ENCM 369 Winter 2006 Final Examination page 8 of 9 PROBLEM 8 (total of 10 marks). In parts a, b, and c, show your work so you can get partial credit if you make a mistake. Also, note that the Reference Material booklet has a table of powers of two. Part a (3 marks). A cache for a computer system with 32-bit words and 32-bit addresses is direct-mapped, has one-word blocks, and has a capacity of of 8192 words. Which bits of an address would be used for byte offset, which bits for index, and which bits for tag? Part b (3 marks). A cache for a computer system with 64-bit words and 48-bit addresses is 4-way set-associative, has eight-word blocks, and has a capacity of 65,536 bytes. Which bits of an address would be used for byte offset, which bits for block offset, which bits for index, and which bits for tag? Part c (2 marks). What would be the total number of bits of tag stored in the cache of part b? You may express your answer as a product of integers, something like 29 384, or 7 32 256. (Neither of those examples is a correct answer for this problem!) Part d (2 marks). A current processor design used in laptop computers has a 32-kilobyte Level 1 (L1) I-cache, a 32-kilobyte L1 D-cache, and a 512-kilobyte unified Level 2 (L2) cache. The L1 caches contain information that is also in the L2 caches. Why would it be a bad idea to simplify the design by getting rid of the L2 cache and using the space for bigger L1 caches instead 256 kilobytes for the L1 I-cache, and the same for the L1 D-cache?
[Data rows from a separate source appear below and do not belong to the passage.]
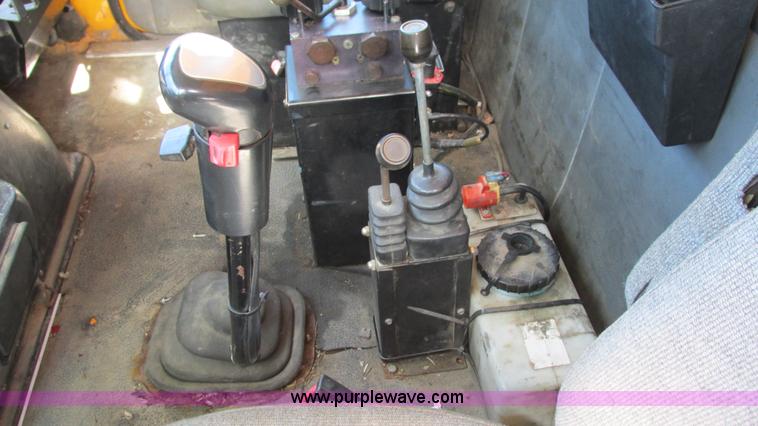 image for item I3184 2000 Volvo WG dump truck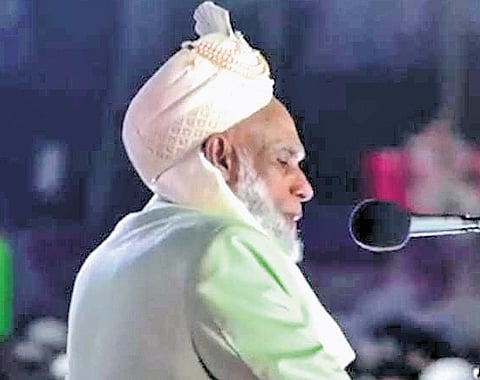 Samastha Kerala Jem-Iyyathul Ulama president Syed Muhammad Jiffiri Muthukoya Thangal on Sunday urged the Karnataka government to implement development projects only after ensuring the rehabilitation of the evicted people.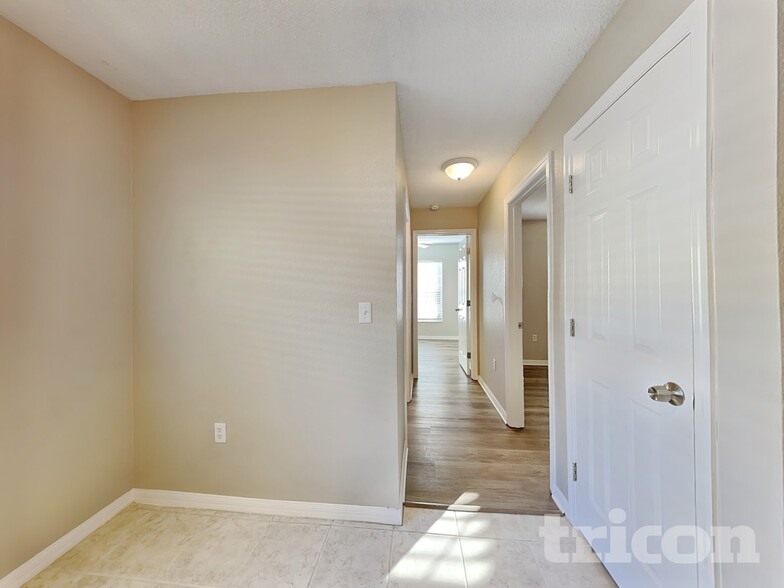 Building Photo - 1782 Grey Fox Dr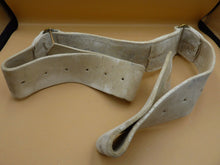 Charger l&#39;image dans la galerie, Original British Army White Buff Leather belt. Used by Guards Regiments
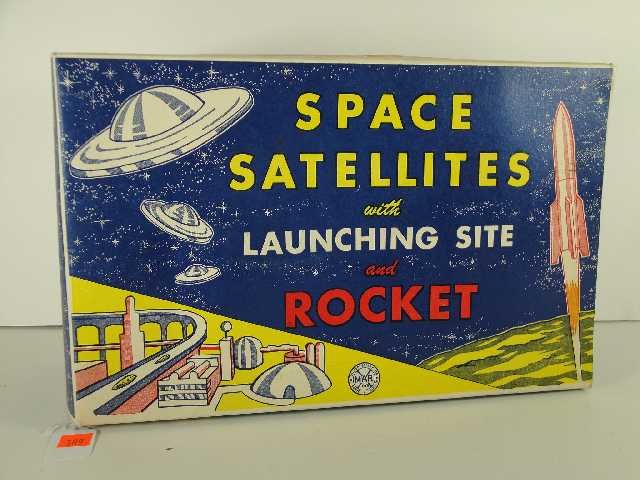 MARX SPACE SATELLITES LAUNCHING SITE ROCKET TOY: NEW IN BOX MEASURES 15" X 9.5" X 5.5"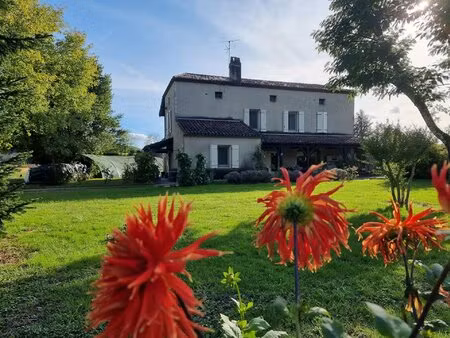 maison et grange sur terrain de plus 6000 m²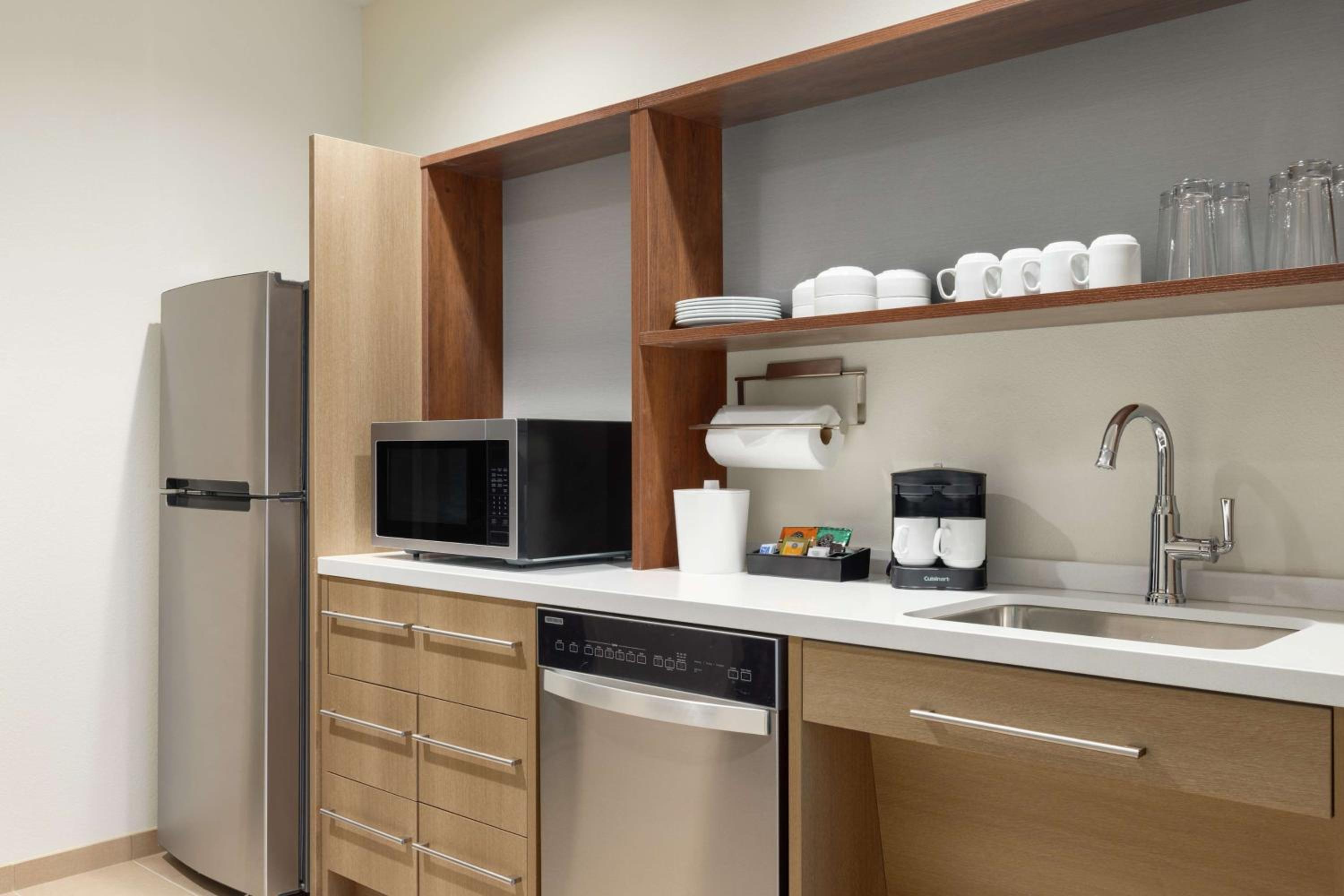 King Studio Suite - Mobility Access/Non-Smoking - Photo 5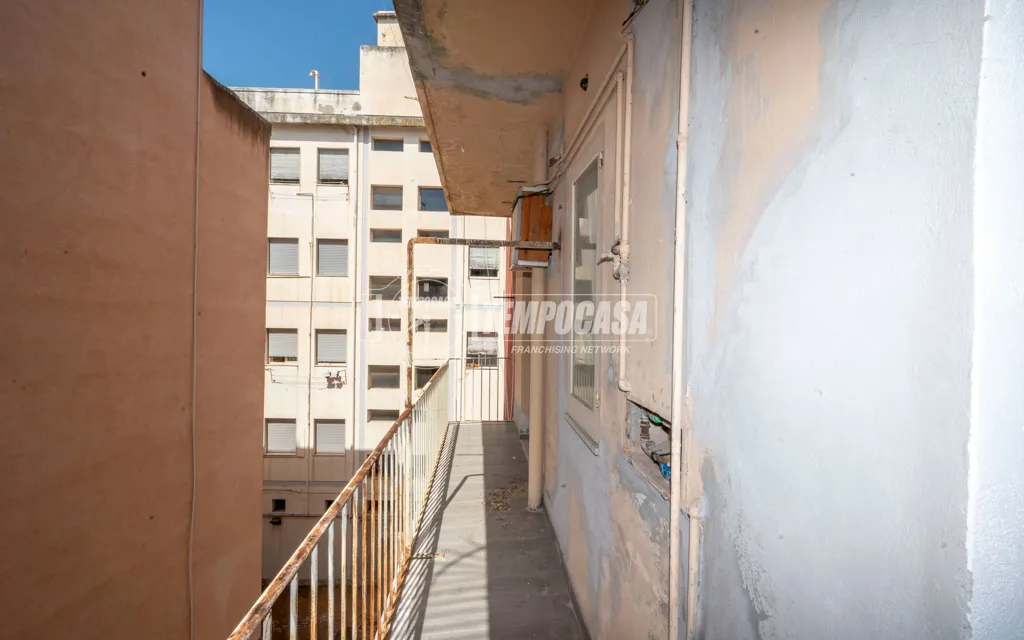 Balcon - Trilocale with Balcony in Messina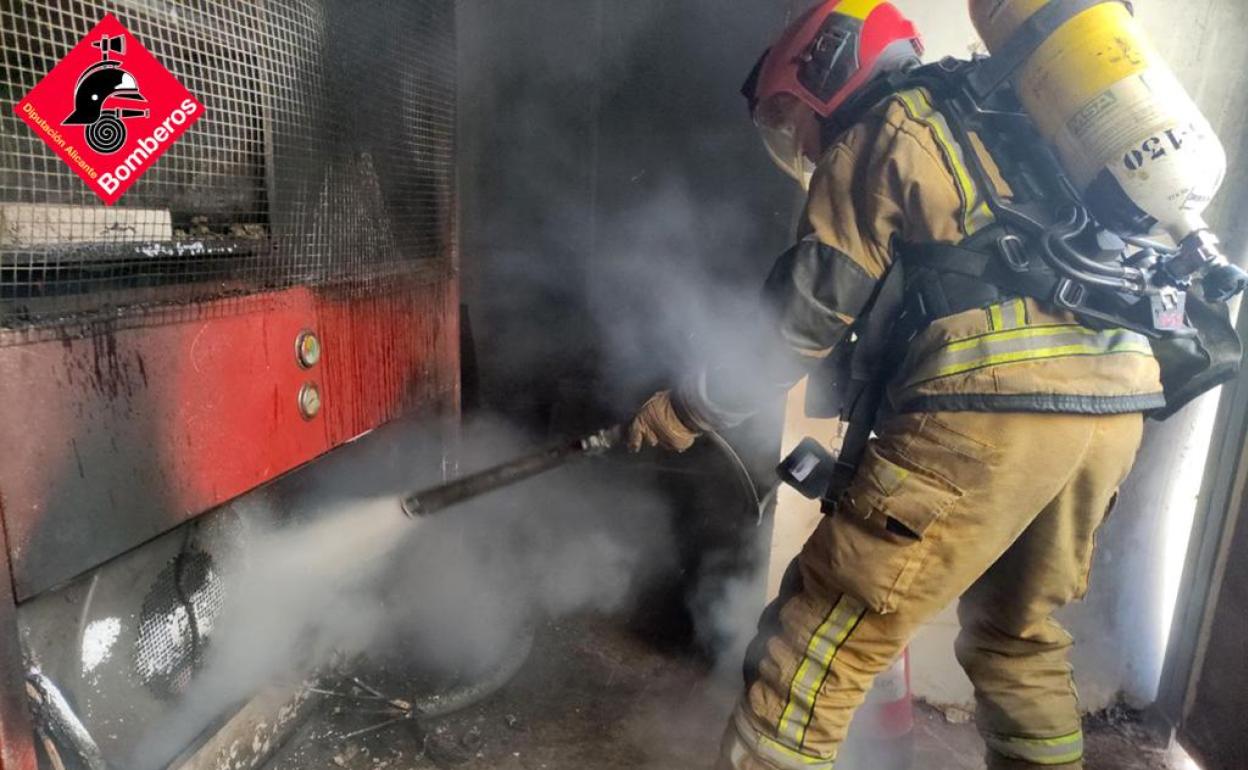 El fuego se originó en el sistema de ventilación de la fábrica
ENCM 369 Winter 2006 Final Examination page 9 of 9 PROBLEM 9 (total of 9 marks). Part a (2 marks). Consider a computer that runs the MIPS instruction set. The computer supports virtual memory with a page size of 65,536 bytes. Suppose that a process has the instruction lw $s2, 16($a0) located at virtual address 0x0041_fff8, and suppose that just before the instruction is fetched, $a0 = 0x1002_fffc. When the instruction is fetched, the instruction TLB contains the following translations: virtual page number valid bit physical page number 0x0041 0 0x9900 0x0040 1 0x9711 0x0041 1 0x9822 0x0042 1 0x9633 Will there be a hit or a miss in the instruction TLB? If there is a miss, explain why. If there is a hit, what will be the physical address used to fetch the instruction? Part b (2 marks). Continuing from the instruction fetch in part a, just before the data memory access step, the data TLB contains the following translations: virtual page number valid bit physical page number 0x7fff 1 0x9255 0x1001 1 0x9166 0x1002 0 0x9388 0x1003 1 0x9477 Will there be a hit or a miss in the data TLB? If there is a miss, explain why. If there is a hit, what will be the physical address used for data memory access? Part c (2 marks). Briefly describe what information would be in a page table, and what that information would be used for. Part d (3 marks). Data TLBs are often designed so that each entry in a TLB will have a virtual page number, a physical page number, a valid bit, and another bit called a dirty bit (and maybe a few other special-purpose bits of memory). The dirty bit is set to 0 whenever the entry is updated by the operating system kernel, and is changed to 1 the first time the process using the associated page writes to that page. Suppose the kernel needs to copy a page of data from disk to physical memory. Describe a situation in which the kernel could save a significant amount of time by discovering that a dirty bit in the TLB is 0.